Based at the village of Drumnadrochit near the northern shore of the loch - or lake - in the Scottish Highlands, four groups are taking part in the two-day search. They range from serious contestants to publicity seekers.

William Hill has offered an additional $2,865 prize for the best search method.

Daniel Isted, the 25-year-old London-based editor of a corporate in-house magazine, said he was using what he called "crystal divination." He said a tourmaline crystal, suspended from a yacht over the inky waters, would swing to indicate Nessie's direction.

Former rock singer Screaming Lord Sutch, head of a political group called the Monster Raving Loony Party, said his secret weapon was a whistle that produces the mating call of monsters.

Tongue in cheek, he announced he would use haggis - a Scottish delicacy consisting of chopped entrails and oatmeal cooked in the lining of a sheep's stomach - as bait to lure the creature to the surface.

The Raving Loony Party, created to poke fun at politicians, runs candidates in most elections.

Andy Gray, 38-year-old managing director of a Scottish company that supplies underwater sonar equipment for the North Sea oil industry, is taking a more scientific approach with a sophisticated underwater radar.

"Typically this system can work 3,280 feet beneath the sea. If Nessie comes within our search scan we will find it."

Loch Ness is 754 feet deep, 23 miles long and a mile wide.

Iain Bishop, deputy keeper of the zoology department of the Natural History Museum in London, will examine any evidence found on behalf of the oddsmakers.

Standing in the pouring rain and looking out at the mist-covered lake, he acknowledged some skepticism.

"I don't expect to be overwhelmed by it (evidence)," Bishop said.

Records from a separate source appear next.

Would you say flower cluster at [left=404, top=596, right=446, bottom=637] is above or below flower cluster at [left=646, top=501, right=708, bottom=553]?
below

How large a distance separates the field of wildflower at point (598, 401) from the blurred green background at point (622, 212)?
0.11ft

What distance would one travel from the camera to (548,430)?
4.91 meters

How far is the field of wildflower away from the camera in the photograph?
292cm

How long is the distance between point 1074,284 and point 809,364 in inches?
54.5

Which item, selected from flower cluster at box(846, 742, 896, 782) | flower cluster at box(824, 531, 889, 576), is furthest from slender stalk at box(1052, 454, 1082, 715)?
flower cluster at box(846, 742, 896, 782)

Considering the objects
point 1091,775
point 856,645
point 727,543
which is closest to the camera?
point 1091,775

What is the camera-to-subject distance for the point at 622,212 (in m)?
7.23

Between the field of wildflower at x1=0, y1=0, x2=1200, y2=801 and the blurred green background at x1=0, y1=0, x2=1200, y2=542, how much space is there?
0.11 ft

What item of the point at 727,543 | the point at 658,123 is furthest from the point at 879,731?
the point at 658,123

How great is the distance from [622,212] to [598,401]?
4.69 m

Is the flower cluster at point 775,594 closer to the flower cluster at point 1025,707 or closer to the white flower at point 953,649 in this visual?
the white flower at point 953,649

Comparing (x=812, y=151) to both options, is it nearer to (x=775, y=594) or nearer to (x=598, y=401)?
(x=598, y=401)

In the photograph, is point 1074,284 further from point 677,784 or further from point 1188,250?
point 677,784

Locals, who have seen it all before, picked their way through the army of news people and television crews from the United States, Japan, France, Britain and elsewhere that have invaded the village.

The legend of the Loch Ness Monster dates from A.D. 565 when St. Columba castigated the creature for attacking a follower.

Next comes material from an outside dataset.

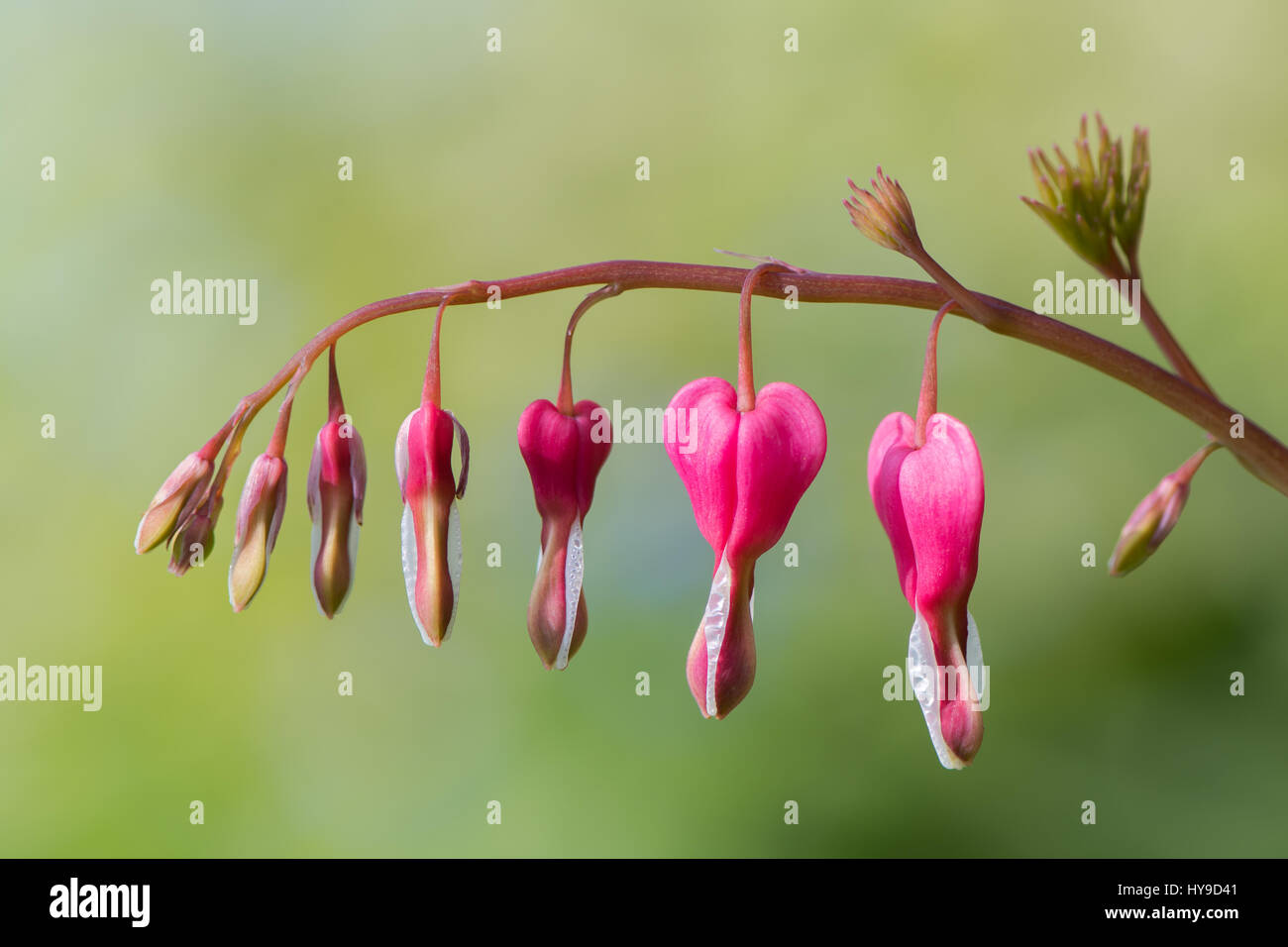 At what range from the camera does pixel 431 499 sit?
1.12 metres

In modern times there have been more than 4,000 reported sightings, including the October 1987 sighting that spawned the last major hunt.

That search, Operation Deepscan, used sonars and reported detecting what was called a large "fish-like arch" at a depth of 450 feet on the southern end of the lake.

Deepscan spokesman Guy Pearse said then the object registered as a clear, large blip on the sonar but when the same boat scanned the area again the object had disappeared.

Skeptics have explained away the sightings as everything from waves, logs and rotting vegetation to otters, swimming deer and overindulgence in Scottish whisky.

A study by a Scottish company, Mackay Consultants, printed in The Times of London in May, said the Loch Ness Monster was worth $47 million a year in tourist revenue and responsible for 2,500 tourist industry jobs.

It said half a million visitors a year from all over the world come to Loch Ness in hopes of seeing the fabled creature.